Please see my video (ignore my horrible, but rapidly improving swing). b2_tongue.gif

 

http://thesandtrap.com/t/63845/my-swing-tstrike34

post #141 of 264
I would like to add that for those who feel they need see their ball flight well why be scared. From my tennis coaching you are told it's better to hit the ball slightly long than into the net. You can always adjust your aim while hitting into the net usually means you may be doing a whole host of things wrong. Simplistic yes but the same principle in golf I would rather hit the ball solidly in a net and then have to correct my ball flight than hit it straight and duff it,thin it and fat it every few halls. I take the first scenario any day whereas mixing in uncertain contact in a round of golf costs lots of strokes.
post #142 of 264

I had to take the net down because of snow last week but when I set it back up I am going to hang a thin strip of fabric or whatever to aim at. Say 4-6 inches wide and about 6-8 feet from where I am hitting. If you can hit that and you aren't putting any side spin on it then you are basically hitting it at the target. My accuracy was great right before the snow. I was hitting my 60 degree from about 30 yards with the Almost Ball over the weekend and probably hit 300 wedges. 12 holes in one, 6 on the fly and some even sucked back into the hole. I also dinged the pin about 10 times and riddled the area around the cup with marks leaving the ball around 1-2 feet away dozens of times. 

post #143 of 264
I transformed a room in my house into a hitting area last year (mat, net, and a full body mirror). I only use it during the winter months (I'm in Indiana). I was a little nervous about engraining bad habits because I couldn't see my ball flight, but that fear has totally gone away.

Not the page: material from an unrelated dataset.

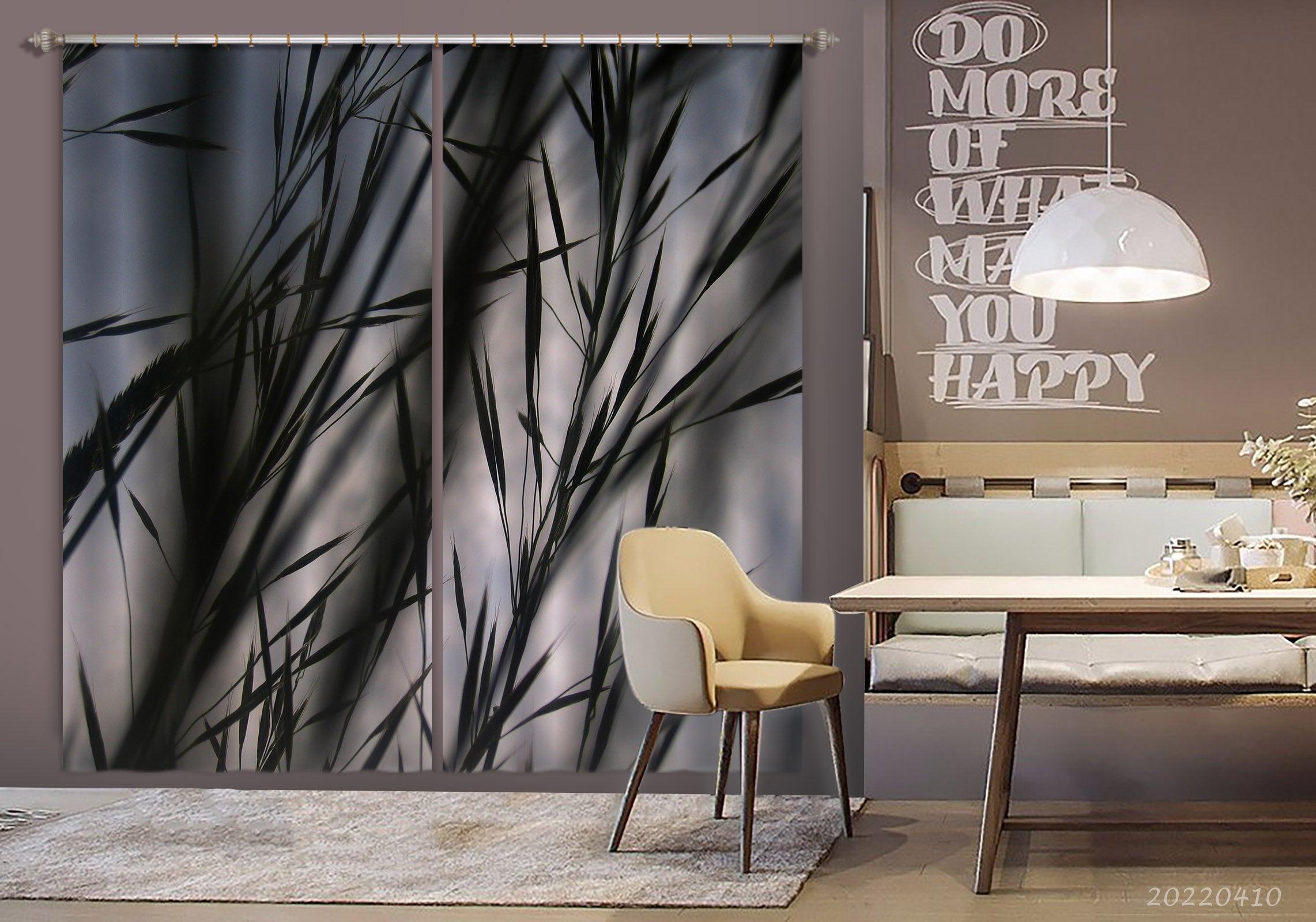 3D Tree Branch Black White Plant Sky Curtains and Drapes GD 3804- Jess Art Decoration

After using the setup for a number of months, I was able to tell how solid my contact was based on sound and feel. I can also get a good feel for whether I've made a good hit DOWN on the ball or whether I scooped it (envision hitting a 9 iron into a net - scooped shots hit the net 5 feet high and may bound upward after that, while a nice hit down on the ball drives into the net 3 feet off the ground).

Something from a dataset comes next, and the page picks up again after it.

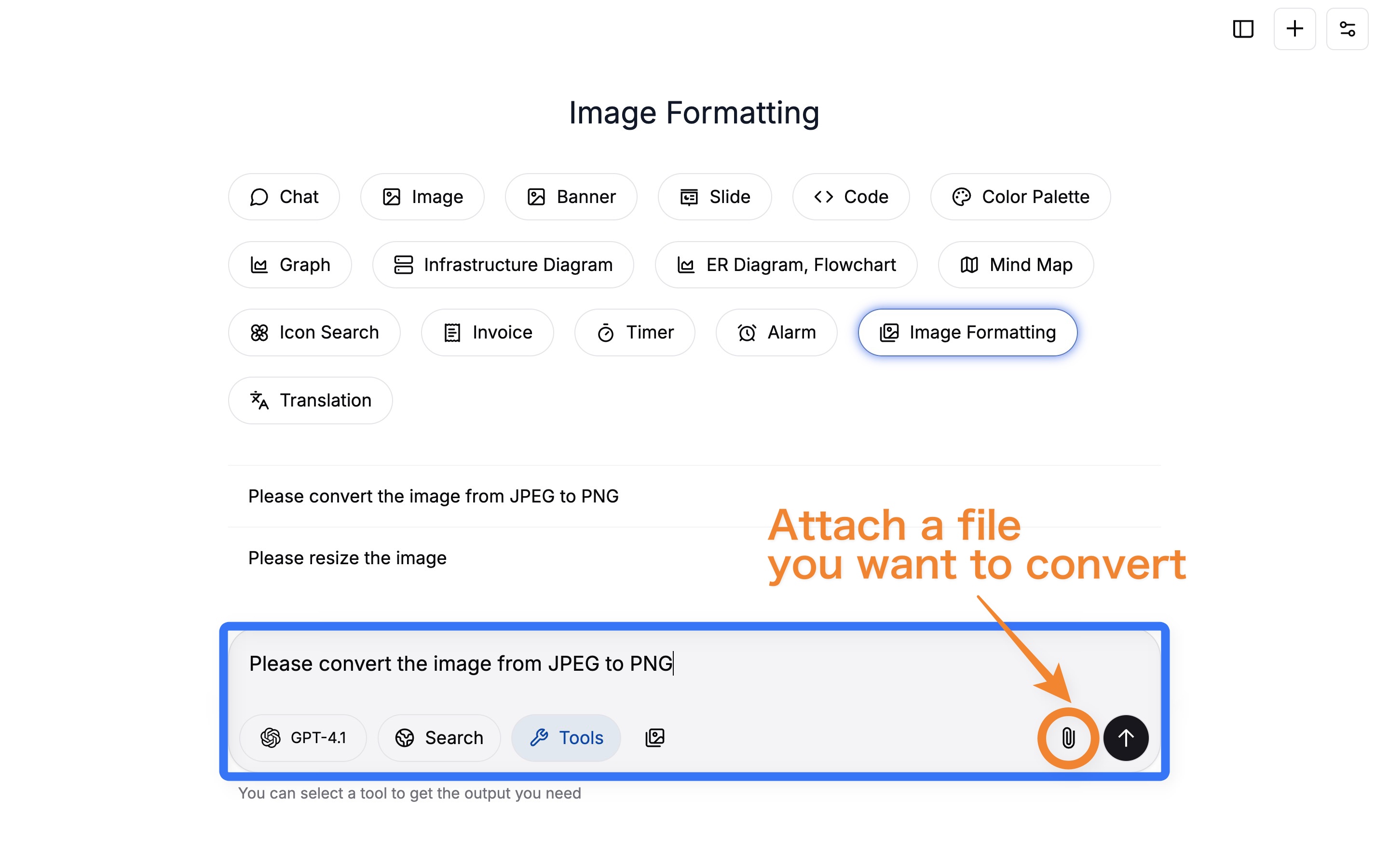 Selecting the Image Format Converter Tool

I also have a high speed camera and software that I use to analyze my swing, but have learned to only use video every couple of weeks or so. If I used it more often than that, I would get frustrated because my swing hadn't changed. I try to wait to video long enough to give myself a realistic chance of actually making a swing change.

As for ball flight, I am 100% a believer that small tweaks can help change the shape of your shots. The net develops the foundation for solid strikes and the range tells you what tweaks you need to make.

Having said all that, I still go to a heated outdoor driving range every couple of weeks to see the balls actually fly.

Hitting into a net gets two big thumbs up from me.
post #144 of 264

  You would be surprised at how many golfers experience the same situation. I teach a lot of students that have gotten pretty good and relatively consistent in their ball flight. What they don't realize is, if a swing isn't mechanically sound, they will plateau, and reach a point, where improvement will cease. The laws of nature are what they are and they don't change for anyone. We either work with them or they work against us. That's why good fundamentals are important. The idea of getting a good camera will make a significant difference. There are two aspects that you will need to address. Understanding correctness, knowing what you are looking for in the swing, and then knowing how to make the changes. There is so much good information available these daysn so spending a little time truly learning the swing will pay great dividens. The two views you will want are (down the line), revealing a view from behind you, looking at the target, and (face on). This is where you are looking directly at yourself from straight in front of you. I have a Casio XLIM camera that I use. You can get it on e-bay. It's 1,000 frames per second and in HD. Great camera!